Making Money from NFTs
So, how do you make money from NFTs?
One way is to be an artist. Create NFT versions of your work and sell them. Or sell unique portions of your work through NFTs. Recently, for example, in March 2021 an NFT of Beeple‘s Everydays:The First 5000 Days sold for $69 million. (No, I don’t know why.)
Another way is buy and sell NFTs, as you would any other asset. These can be individual NFTs or portions of a bundle of NFTs. Some people buy NFTs, like stock shares and collectibles, with the expectation of selling at a profit.
Yet another way is to facilitate the purchase and sale of NFTs to others, as a broker or clearing house.
So long as people can make money from NFTs, they’ll be around. Clearly, being able to “digitize” their work can be a benefit to artists, regardless of the genre. As for speculators, there will always be people who are willing to take a chance, to shoot for the moon, and hope for the best.
Any questions or comments, please reach out.
- Blockchain: A growing list of records, called blocks, that are linked together using cryptography.
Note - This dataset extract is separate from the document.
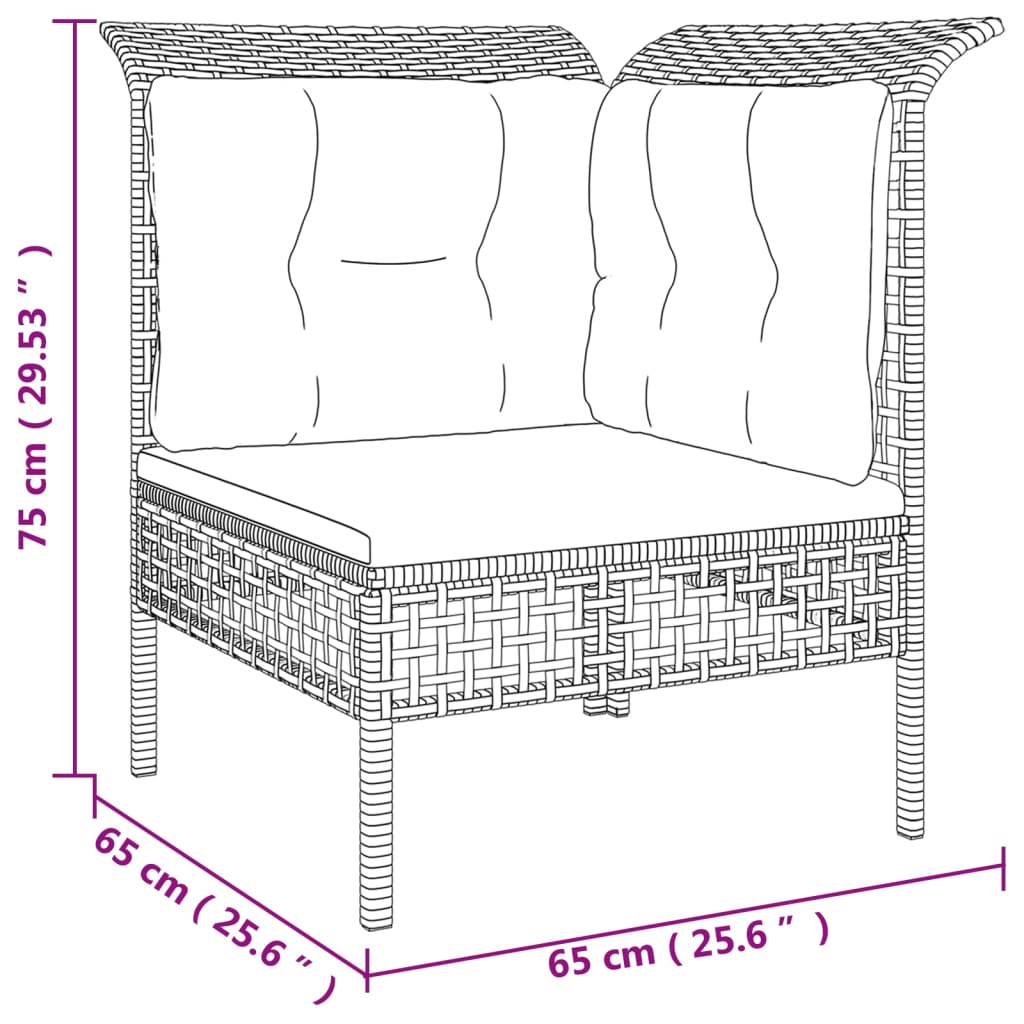 12-delige Loungeset met kussens poly rattan grijs Tuinsets | Creëer jouw Trendy Thuis | Gratis bezorgd & Retour | Trendy.nl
Each block contains a cryptographic hash of the previous block, and transaction data. The timestamp proves that the transaction data existed when the block was published. As blocks each contain information about the block previous to it, they form a chain, with each additional block reinforcing the ones before it. Blockchains are resistant to modification of their data because once recorded, the data in any given block cannot be altered retroactively without altering all subsequent blocks.
- Cryptocurrency: A digital asset designed to work as a medium of exchange. Individual “coin” ownership records are stored in a computerized database using strong cryptography to secure transaction records, control the creation of additional coins, and verify the transfer of coin ownership.
- Cryptographic: A mathematical technique for encrypting and decrypting data in order to keep it private when transmitted or stored electronically.
- Digital Marketplace: A digital marketplace is an avenue for the marketing and sale of digital goods and services.
- Digital Wallet: A software-based system that securely stores a user’s payment information and passwords for various payment methods and websites.
- Fungible: The property of a good or a commodity whose individual units are essentially interchangeable, and each of its parts is indistinguishable from another part. For example, gold is fungible since a specified amount of pure gold is equivalent to that same amount of pure gold, whether in the form of coins, ingots, or in other states.
- Non-Fungible Tokens: Digital assets that cannot be replicated. They represent something unique and special and are, thus, not fungible. One non-fungible token cannot be exchanged for another because each contains something unique in itself.